Of all the different coffee brewing methods, perhaps one of the most enduring is the classic French press, also known as the cafetiere or press pot. It’s the peanut-butter-and-jelly sandwich of coffee brewers—dependable, utilitarian and affordable. Now ubiquitous in homes across the world, the French press actually has quite a convoluted past, including its invention—by an Italian, technically.
The history of the French press is shrouded in a good deal of mystery. While a patent for its initial design was made by Frenchmen Mayer and Delforge, the first patent of a French press similar to today’s model was made by the Italians Attilio Calimani and Giulio Moneta in 1929. Over subsequent years, Calimani and Moneta gradually perfected their device, adding, among other refinements, a spring that wrapped around the plunger discs to hold them flush with the cylinder.
This new coffee maker caught on quickly and helped—together with the new percolator—to send more highbrow brewing methods (Chemex, vacuum pot) into a slow decline, but it wasn’t until the Swiss Faliero Bondanini made several adjustments to its design that it achieved iconic status and, in fact, the basic design formula it still employs today. Bondanini used these modifications to patent his own version in 1958, calling it a Chambord, and began manufacturing it in a French clarinet factory (hence the name). Due to Bondanini’s work—and perhaps also due to its inclusion in the 1965 Michael Caine film The Ipcress File—the popularity of the French press grew. Danish tableware and kitchenware company Bodum eventually bought the company and began manufacturing its own version of the product.

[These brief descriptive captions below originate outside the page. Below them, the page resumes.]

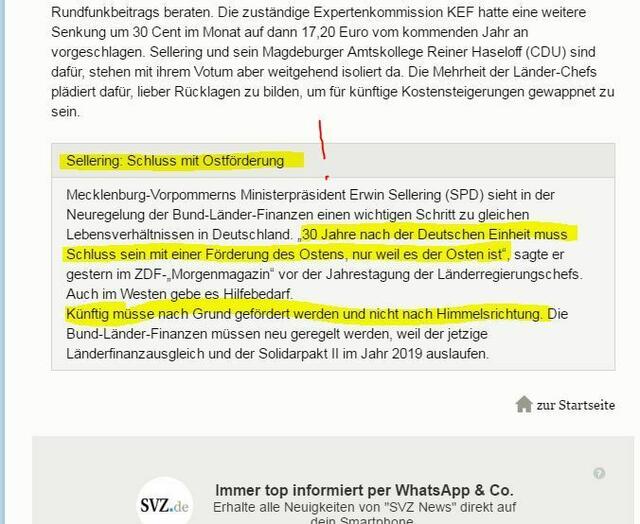 MP Sellering möchte keine Ostförderung mehr (SPD)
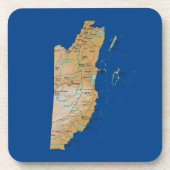 ベリーズ地図コースター コースター (正面)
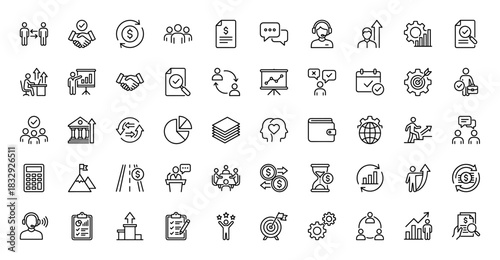 Business and management line icon set. Vector pictograms of handshake, report, chart, team, and success, thin linear illustration.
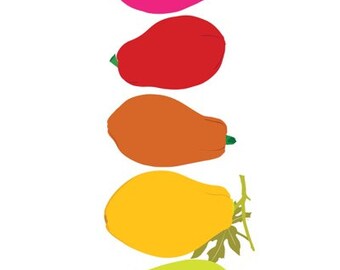 Fruit Print, kitchen decor, Papaya print, retro kitchen art, kitchen wall decorations, Dining Room Decor, Dining Room Art, Kitchen Posters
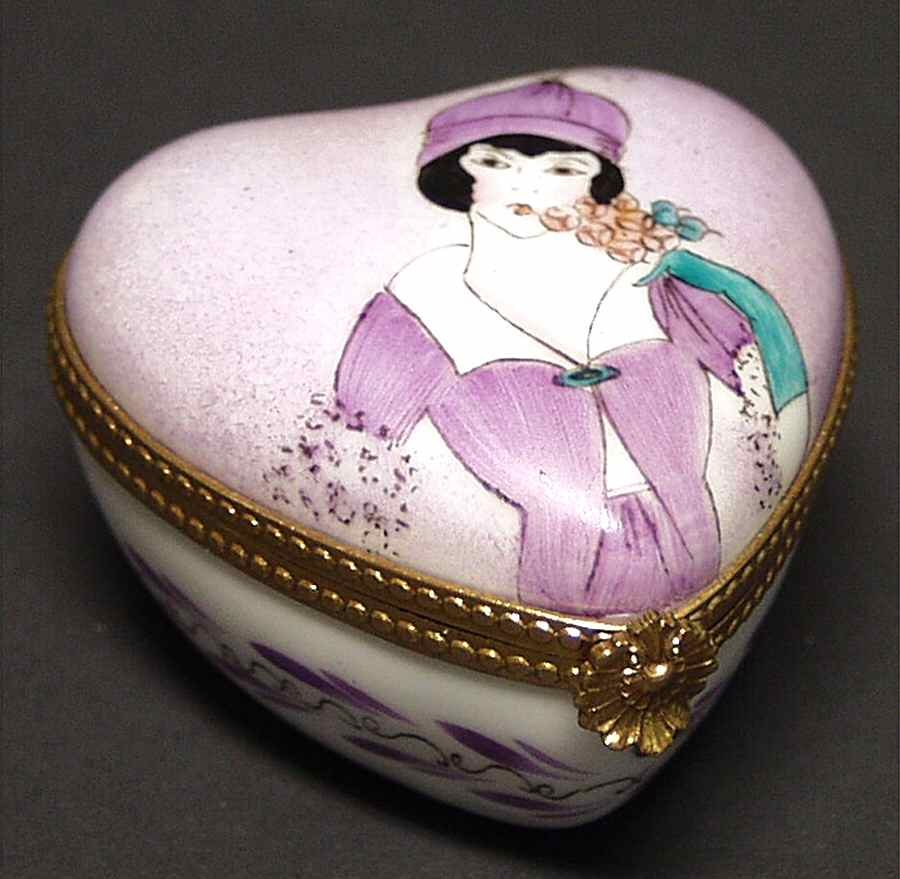 PEINT MAIN LIMOGES BOX Purple Woman - No Box by Peint Main-1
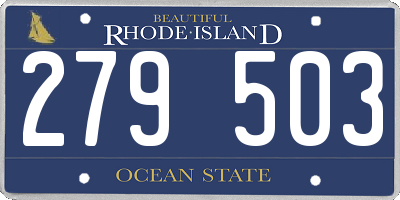 RI license plate 279503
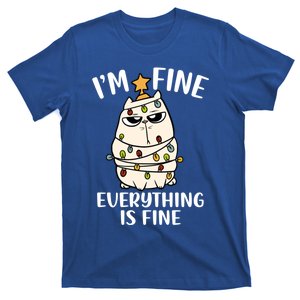 IM Fine Everything Is Fine Funny Cat Lover Christmas Humor Gift T-Shirt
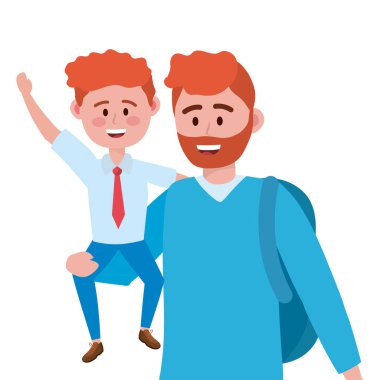 Baba ve oğul gidiyor için okul tasarım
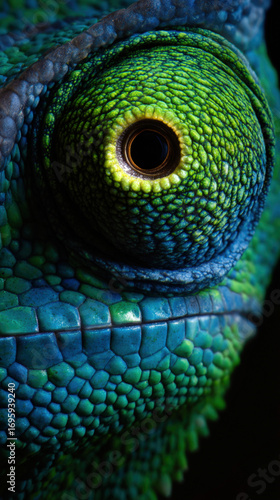 Close-up of a Chameleons Eye Macro Photography High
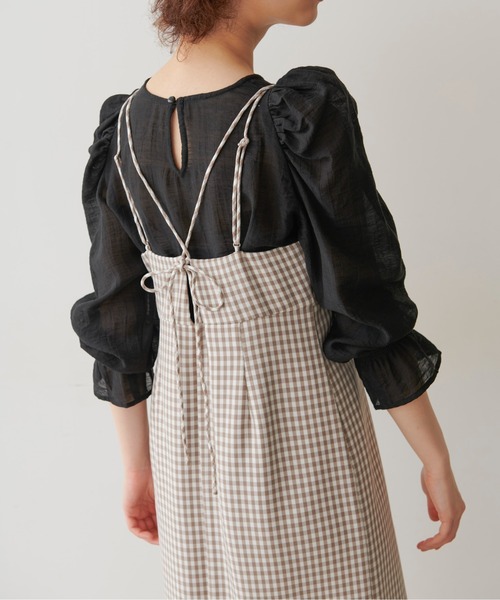 FREE'S MART（フリーズマート）の「◇パフスリーブシアーブラウス（シャツ/ブラウス・レディース・ホワイト/ブラック/オレンジ・FREE）」の12枚目の写真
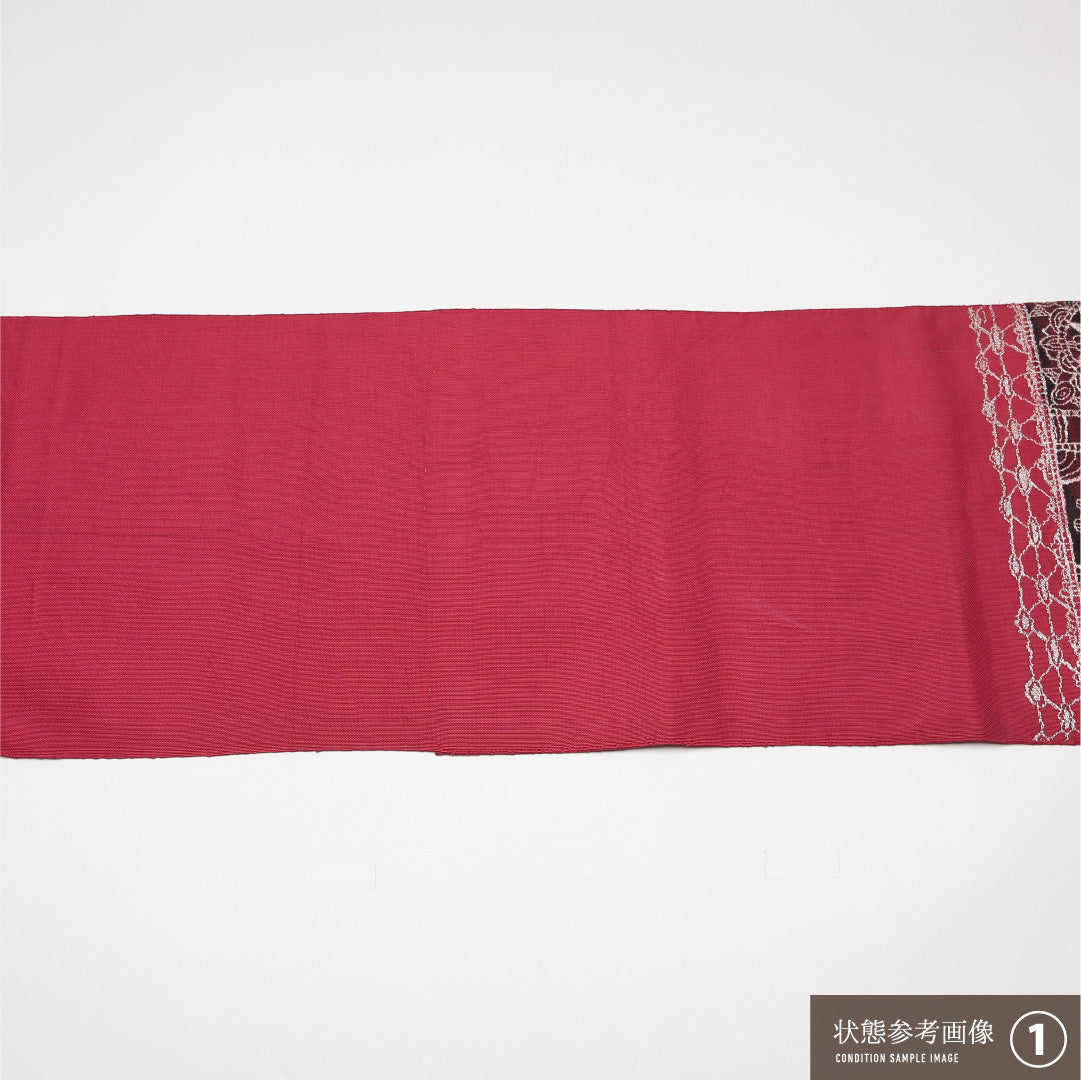 八寸名古屋帯 Aランク 帯丈330cm 正絹 ポイント柄 松葉仕立て 織り カジュアル 創作柄 赤系 LP 1245-01644
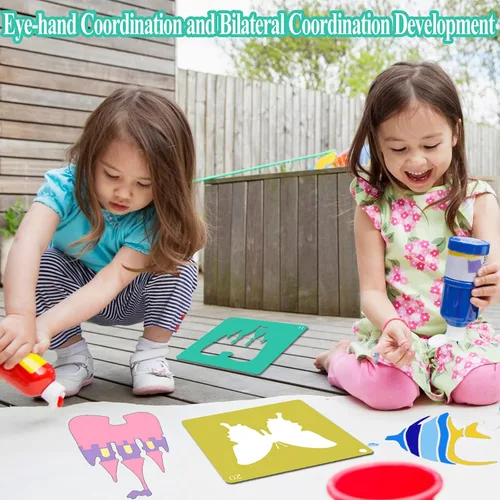 Vista 7 de LanMa 30 plantillas de dibujo para niños y niñas, plantillas coloridas de pintura de plástico de 8 x 8 pulgadas, tiza para acera
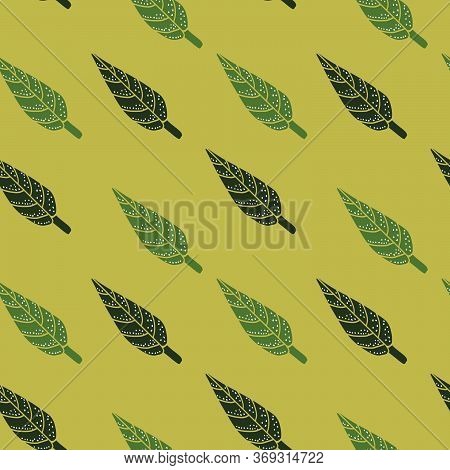 Simple Leaves Pattern Wallpaper In Green And Ochra Colors. Perfect For Textile, Wrapping. Etc.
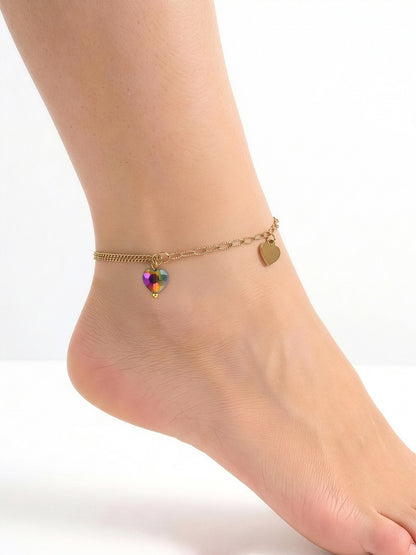 Valora Heart Charm Link Chain And Layered Chain 18K Gold Plated Women's Anklet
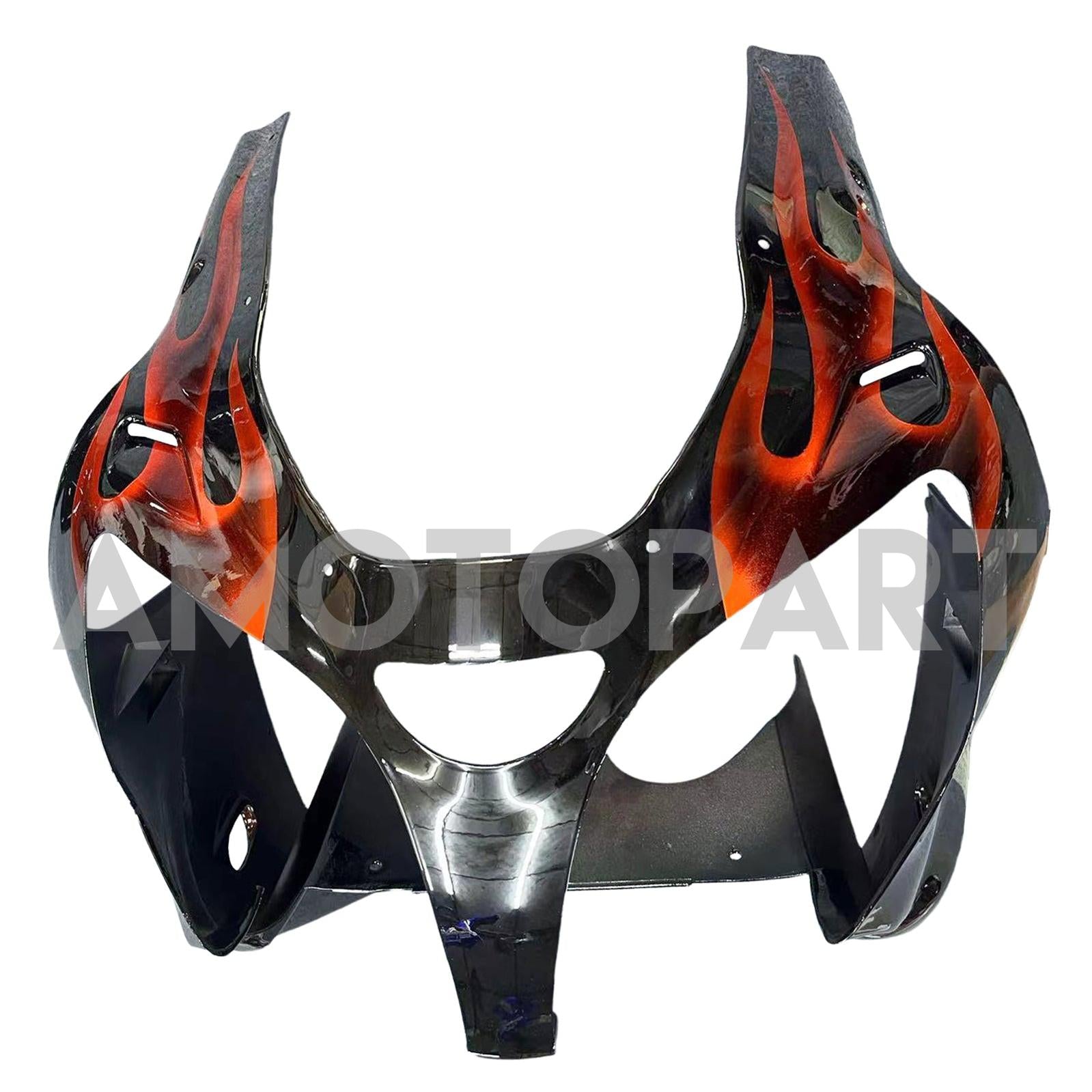 Amotopart ZX6R 636 2000-2002 ZZR600 2005-2008 Kawasaki Black with Red Flame Fairing Kit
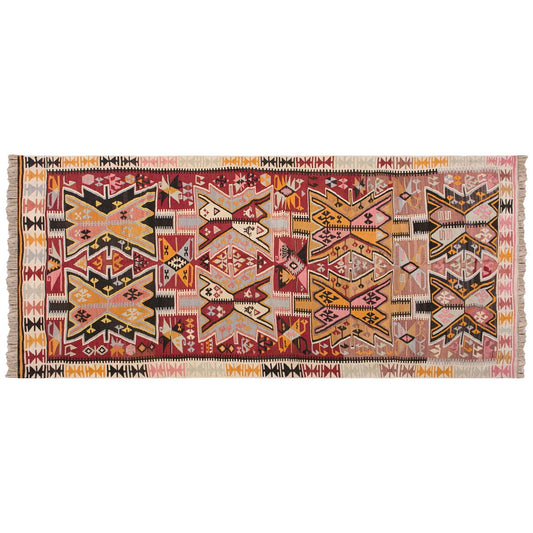 Anatolian tribal kilim, 3.11 x 10.5 ft kilim, 121 x 319 cm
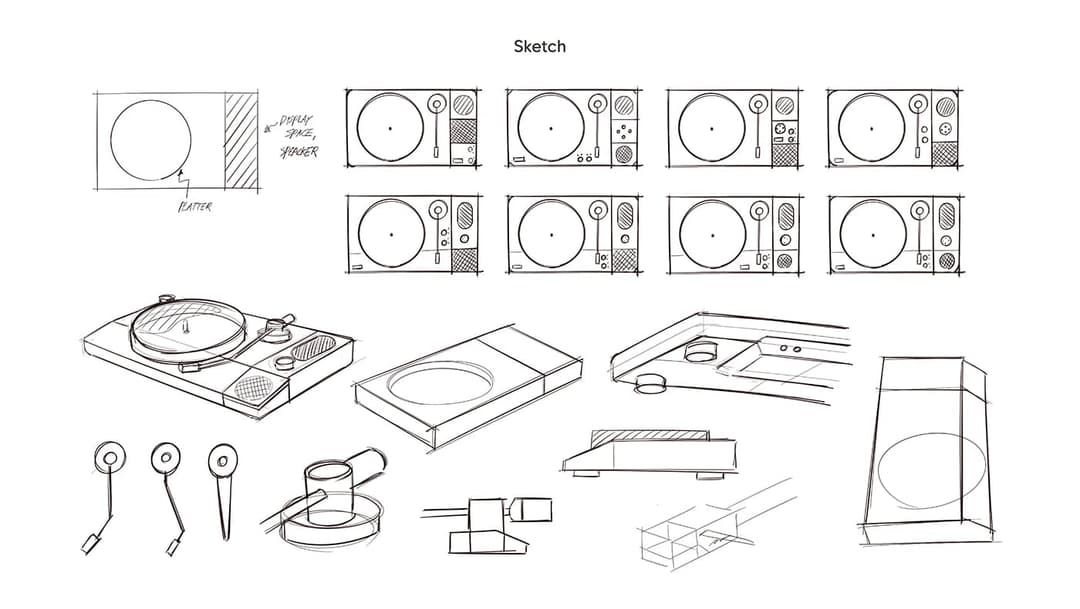 The image presents a collection of sketches and drawings, primarily focused on a turntable and related components. The sketches are primarily in black and white, with some lines in shades of gray. The turntable is depicted in various stages of design, including a basic outline, a more detailed view, and a final, more c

The Essence of French Press
Perhaps the most famous quality of French press brewing is what is called “mouth feel” or the presence of “grit” or “sand” in the finished product. The press’ famous metal filter, while straining out the bulk of the coffee grounds, has comparatively larger holes than most other filters, thus admitting a healthy dose of grounds into the final cup. For this reason, many avoid the French press altogether; others, however, embrace the more extreme mouth feel and resulting robust brew. The filter’s larger holes make a coarser grind of coffee ideal for this method of brewing.
How To Brew A Perfect French Press
- Grind the beans. Grind should be quite coarse; if the grind is too fine, the water will extract the coffee too quickly. (While not a problem with other full-immersion brewers, the metal mesh filter of the French press will allow an unpalatable amount of grit into the cup.
- Start with a ratio of 15 grams of ground coffee per every 225 grams of water; adjust on subsequent brewing events by adding more coffee or using less water until you find the perfect match for your tastes.
- Allow the boiled water to rest for 45 seconds after boiling to reach an approximate brew temperature of 195 degrees Fahrenheit.
- Add ground coffee into the carafe. Add the water slowly, ensuring that you saturate all of the grounds. Add twice the amount of water as coffee (ratio of 2:1) to create the bloom or preinfusion. Allow to steep for 30 seconds.
- Stir gently, then add the rest of the water and position the plunger atop the carafe, covering the brewing grounds (do not plunge yet).
- Brewing time ranges from 3 to 5 minutes; start with 4 minutes and adjust in future to taste. Depress plunger slowly and delicately right down to the bottom.
- Pour brew into the cup carefully, so as to avoid agitating the coffee resting at the bottom.